- **Assignment**: With images removed, return the whole listing exactly as written.

- **Source material**:

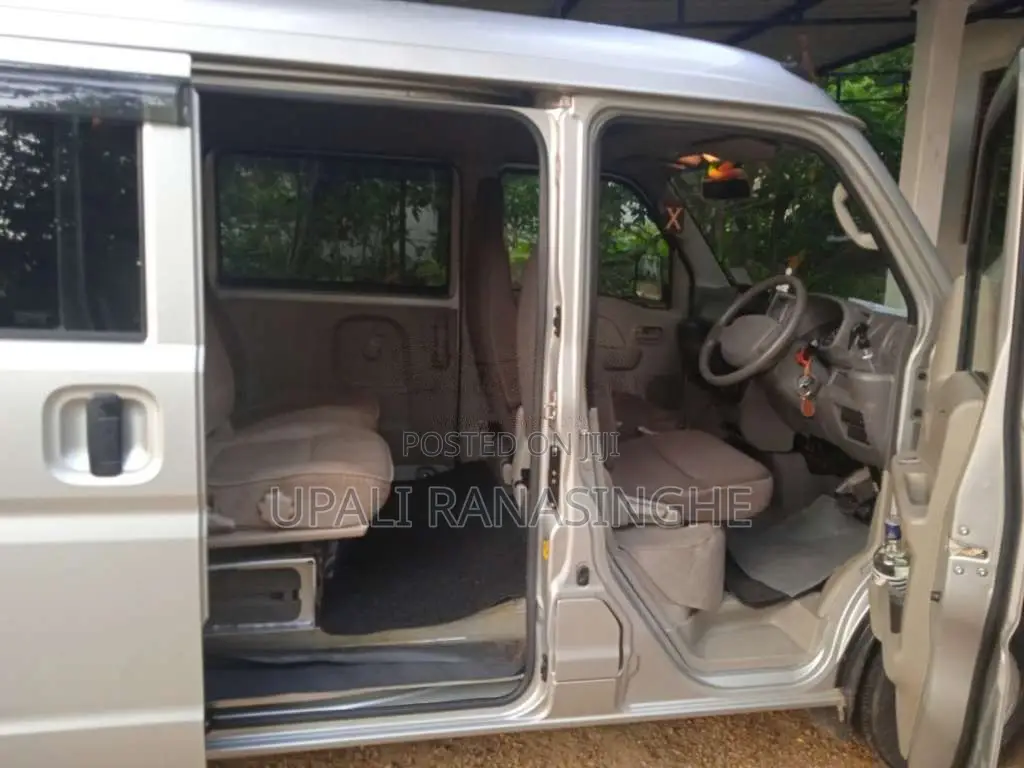 Suzuki Every 2017 Van (Used)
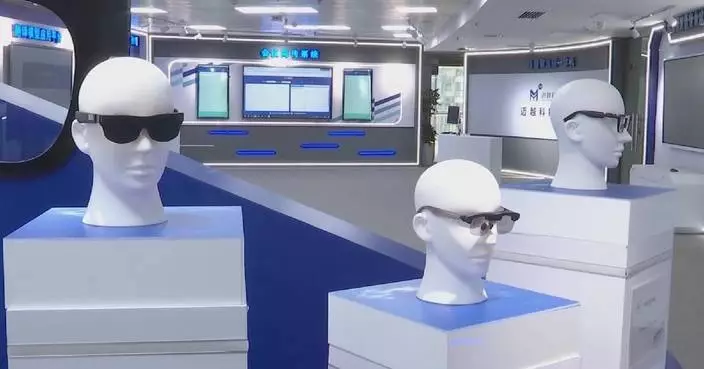 廣西藉人工智能及數據平台 拓展東盟服務貿易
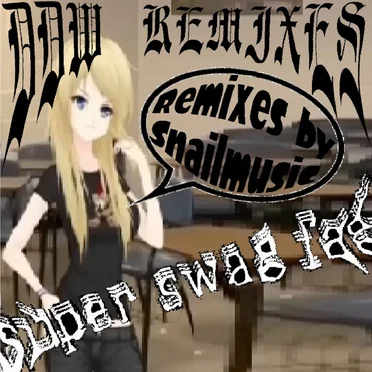 dark damp web remixes <3
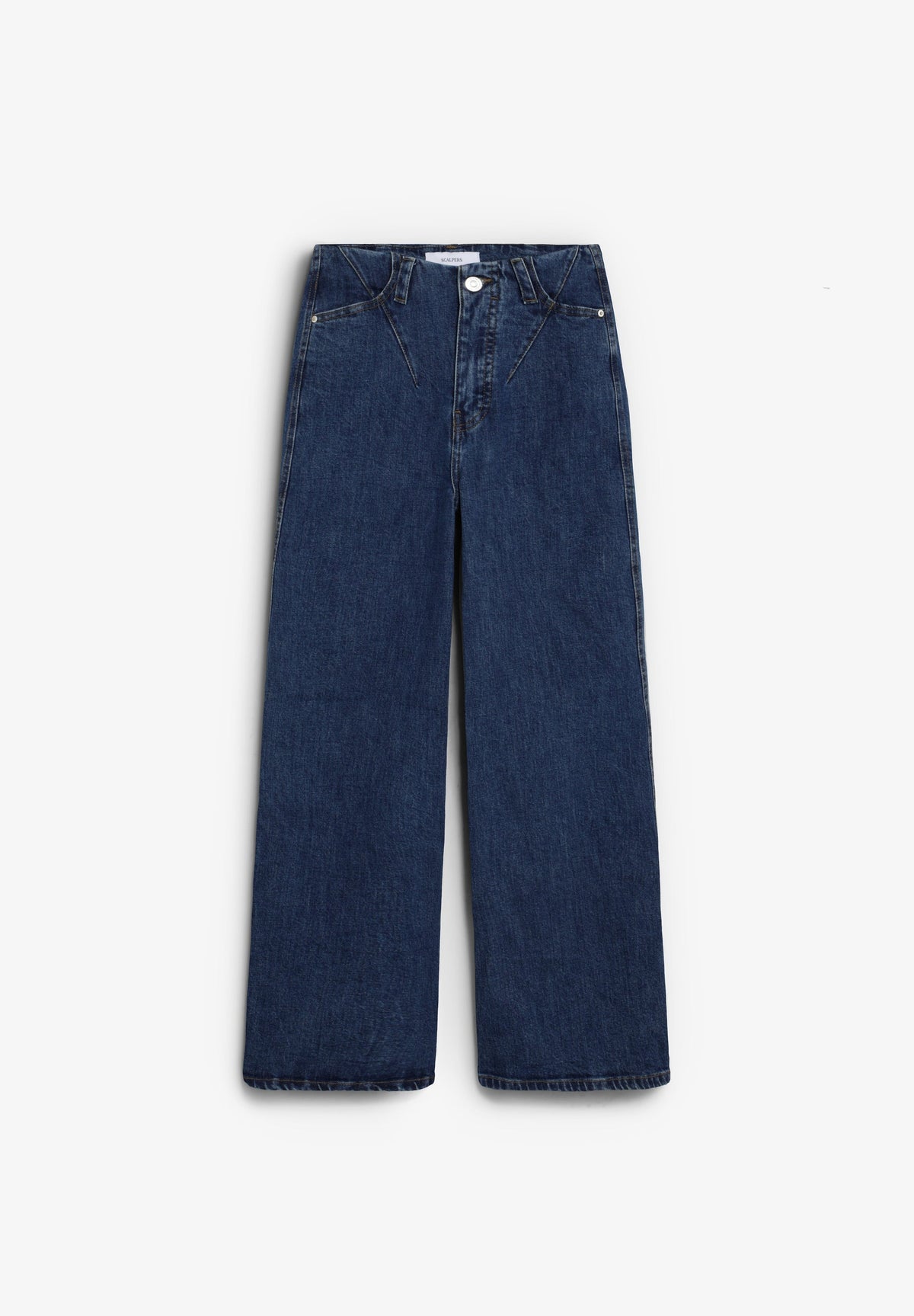 SCCULOTTE DENIM PANT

- **Answer for the task**:
 Suzuki Every 2017 Van (Used)
 廣西藉人工智能及數據平台 拓展東盟服務貿易
 dark damp web remixes <3
 SCCULOTTE DENIM PANT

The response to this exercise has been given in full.